大ヒット&絶賛の声多数! 戦後80年の節目に映画『火の華』を観るべき理由

 新潟で闇の武器ビジネスに加わりつつも、花火工場で働くことになった島田は、親方の藤井与一(伊武雅刀)や仲間の職人たち、与一の娘・昭子(柳ゆり菜)との交流によって、少しずつ傷を癒していく。「越後三大花火」をはじめ、新潟は花火が盛んな土地である。花火師の仕事にはやりがいがあり、仕事に手応えを感じ始めたとき、大会の打ち上げの火薬の破裂音を耳にした島田は、戦地での状況を思い出し、倒れ込んでしまう。

 苦悩する島田を捉えた下からのアングルから、夜空を彩る美しい花火の閃光が舞い散っていく光景には、それが美しいからこその、一種の皮肉がある。花火も銃火器も、同じように火薬が破裂することで機能するものだ。もし同じように、戦闘行為で誰かを殺害したり、仲間が死ぬことを経験したとすれば、彼のようにふとしたことでその記憶が蘇り動揺する経験を、誰もが度々味わうだろう。戦闘における殺傷は、その時だけでなく、人間のその後の生活に深くかかわり続けることとなるのだ。

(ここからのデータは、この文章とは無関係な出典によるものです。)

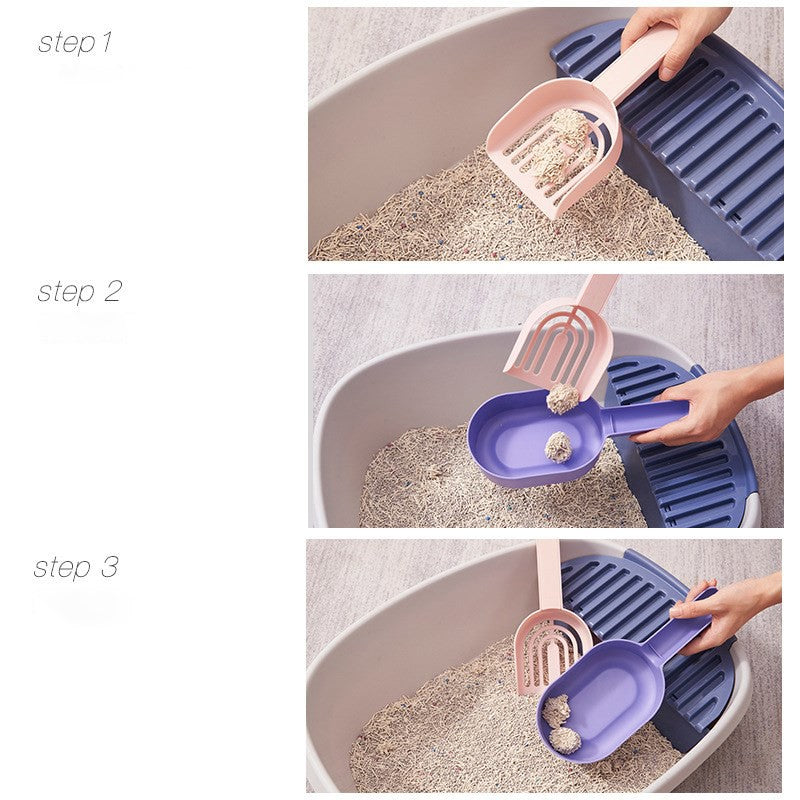 ScoopEase Box Shovel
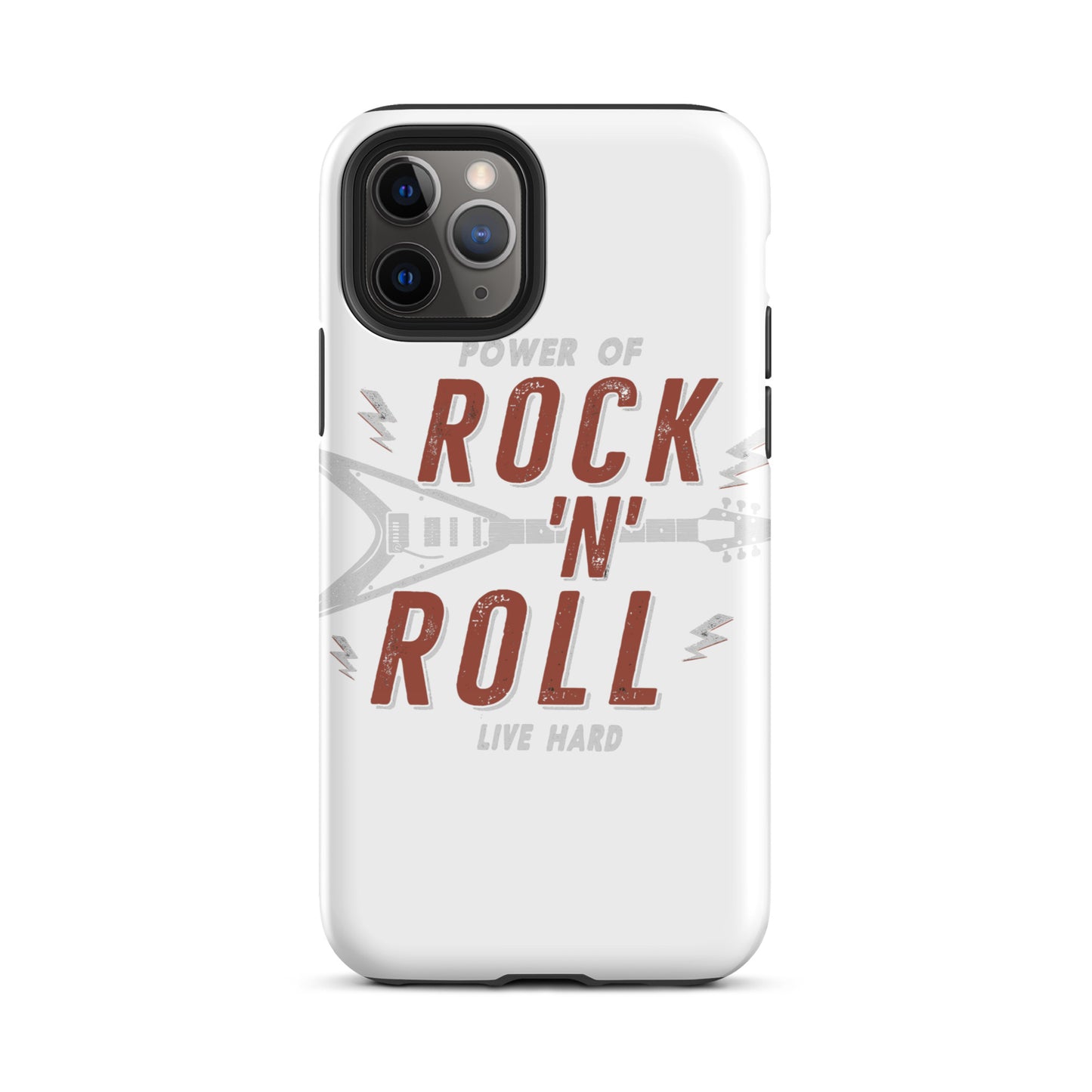 Power of Rock 'n' Roll iPhone Case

 南スーダンに派遣された自衛官のうち、帰国後に2人が自殺し、1人が傷病で死亡したとの答弁書が閣議決定された事実もある。それぞれの死因にPKO業務との関連性があるかは認められてはおらず、自衛隊は個人情報として詳細を明かしていないが、イラクとアフガニスタンに派遣された米兵200万人のうち50万人が、帰還後も心の病を抱え、悪夢やアルコール依存、鬱病により、毎年約250人が自殺しているという、ショッキングなデータがあることも知っておくべきだろう。(※)

 本作のストーリーは、その後、急激な展開を見せる。元隊長の伊藤らが造反し、ある大事件を引き起こすのである。そして、日本政府に厳しい“選択”を突きつけることとなる。伊藤の行為は犯罪に他ならないが、その目的は、政府の欺瞞を国民に知らしめることだと考えられる。日本国民を助けるのか、それとも外交や保身のための選択をするのかを選ばせるという要求は、きわめて政治的なものだ。島田が果たして、この事態に何を選び取ろうとするのかを、劇場で目撃してほしい。

 このように、自衛官の一部が武力によって自国を試そうとする展開は、押井守監督の劇場アニメーション『機動警察パトレイバー 2 the Movie』(1993年)を思い起こさせるものがある。そこでは、戦後日本の第二次大戦後の総括や自衛隊の在り方などを問うていたが、本作における日本政府への挑戦は、PKO問題に焦点が絞られている。

 そもそも、なぜ日本政府は平和憲法を守る立場でありながらPKOを推進し、自衛官を「非戦闘地域」だとして、その実、危険な地域へと派遣してしまったのか。それは実質的に、アメリカからの貢献の要求に応える目的があったためだと考えられる。劇中では、やはりその一番痛い部分を突き、アメリカとの関係と、自衛官を含めた日本人、どちらを守ろうとするのかを迫るのである。

 大貫妙子、坂本龍一による主題歌「Flower」が流れるラストシーンでは、中盤の打ち上げ花火の描写とは逆に、戦争の火が花火にかたちを変え、平和への祈りに変換されて映し出される。これは、かつて画家の山下清が言った、「世界中の爆弾が花火に変わったら、きっとこの世から戦争はなくなるのになあ」という言葉にも繋がっている。それは、この言葉に共鳴して大林宣彦監督が撮った映画『この空の花 長岡花火物語』(2012年)にも重なる表現だ。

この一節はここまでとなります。